- Provided entries:
──────────
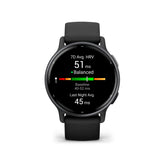 vívoactive® 5 Black & Slate con cinturino in silicone-GARMIN-010-02862-10-Gioielleria Granarelli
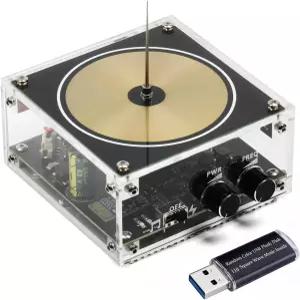 조이테크 블루투스 뮤직 테슬라 코일 아크 플라즈마 스피커 무선 전송 실험 데스크탑 장난감 모델 SSTC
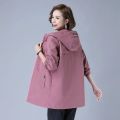 New Women's Jacket Hooded Long Sleeve Spring Autumn Casual Windbreaker Female Loose Jackets Oversize Ladies Outerwear. 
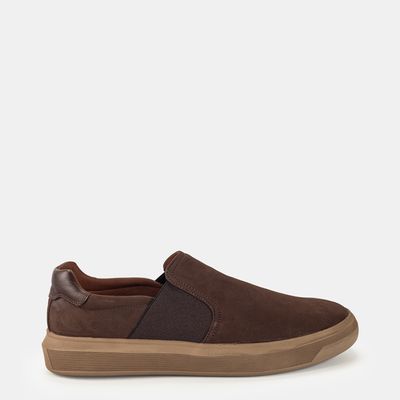 Tênis Slip On Nobuck Cappuccino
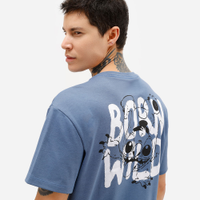 Camiseta masculina stitch born wild azul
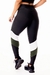 Calça Legging Fitness Academia Cintura Alta Preta com Verde Militar e Branco | REF: SV10 na internet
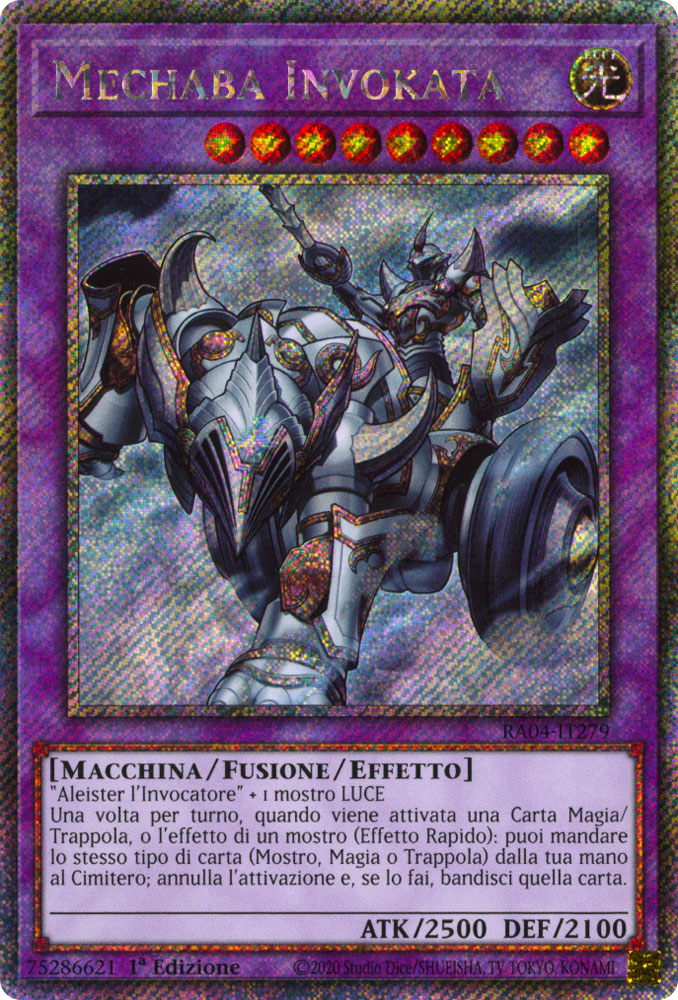 RA04-IT279 Mechaba Invokata Platinum Segreta 1a Edizione (IT) -NEAR MINT-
──────────
- What is required:
Exactly the lines from the line with "Camiseta masculina stitch born wild azul" through the last line of the listing, both included, should be extracted, and the pictures left behind.

- Reply to the task:
 Camiseta masculina stitch born wild azul
 Calça Legging Fitness Academia Cintura Alta Preta com Verde Militar e Branco | REF: SV10 na internet
 RA04-IT279 Mechaba Invokata Platinum Segreta 1a Edizione (IT) -NEAR MINT-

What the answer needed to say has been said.